•The basic difference between a labour market and a market for goods is with respect to the source of supply and demand.
•In the labour market, households are the suppliers of labour and the demand for labour comes from firms whereas in the market for goods, it is the opposite.
•By labour, we mean the hours of work provided by labourers and not the number of labourers.
•The wage rate is determined at the intersection of the demand and supply curves of labour where the demand for and supply of labour balance.
•To examine the demand for labour by a single firm, we assume that
•the labour is the only variable factor of production and
•the labour market is perfectly competitive, which in turn, implies that each firm takes wage rate as given.
•The firm we are concerned with, is perfectly competitive in nature and carries out production with the goal of profit maximisation.
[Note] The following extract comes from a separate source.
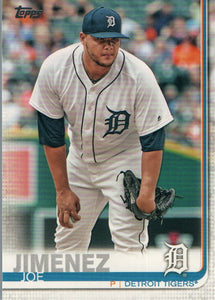 #217 Joe Jimenez Detroit Tigers 2019 Topps Series 1 Baseball Card
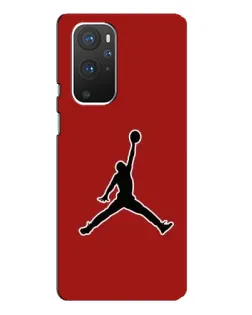 Чехол для OnePlus 9 Pro с картинкой «Jordan Red Back»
•Given the technology of the firm remains the same
•The law of diminishing marginal product holds.
Marginal product and Marginal Revenue
•The firm being a profit maximiser will always employ labour upto the point where the extra cost she incurs for employing the last unit of labour is equal to the additional benefit she earns from that unit.
•The extra cost of hiring one more unit of labour is the wage rate (w).
•The extra output produced by one more unit of labour is its marginal product (MPL)
•The additional earning of the firm is the marginal revenue (MR) by selling each extra unit of output.
Marginal Revenue Product of Labour (MRPL)
•For each extra unit of labour, a company gets an additional benefit equal to marginal revenue (MR) times marginal product (MPL) which is called Marginal Revenue Product of Labour (MRPL).
•MRPL = MR × MPL
•Thus, while hiring labour, the firm employs labour up to the point where
•w = MRPL
•Since we are dealing with a perfectly competitive firm, marginal revenue is equal to the price of the commodity and hence marginal revenue product of labour (MRPL) in this case is equal to the value of marginal product of labour (VMPL).
When will firm hire and fire
•As long as the value of marginal product of labour (VMPL) is greater than the wage rate (w), the firm will earn more profit by hiring one more unit of labour,
•If at any level of labour employment VMPLis less than the wage rate, the firm can increase her profit by reducing a unit of labour employed.
Law of diminishing returns for wage rate
•If a firm employs more of labour, the additional return to extra workers will begin to diminish.
Determination of Wage
•If the wage increases, the demand of labour is reduced
•If the wage increases, the supply of labour is increased
•The equilibrium wage rate is the rate that equates demand and supply,
•Wage is thus determined at the point where the labour demand and supply curves intersect.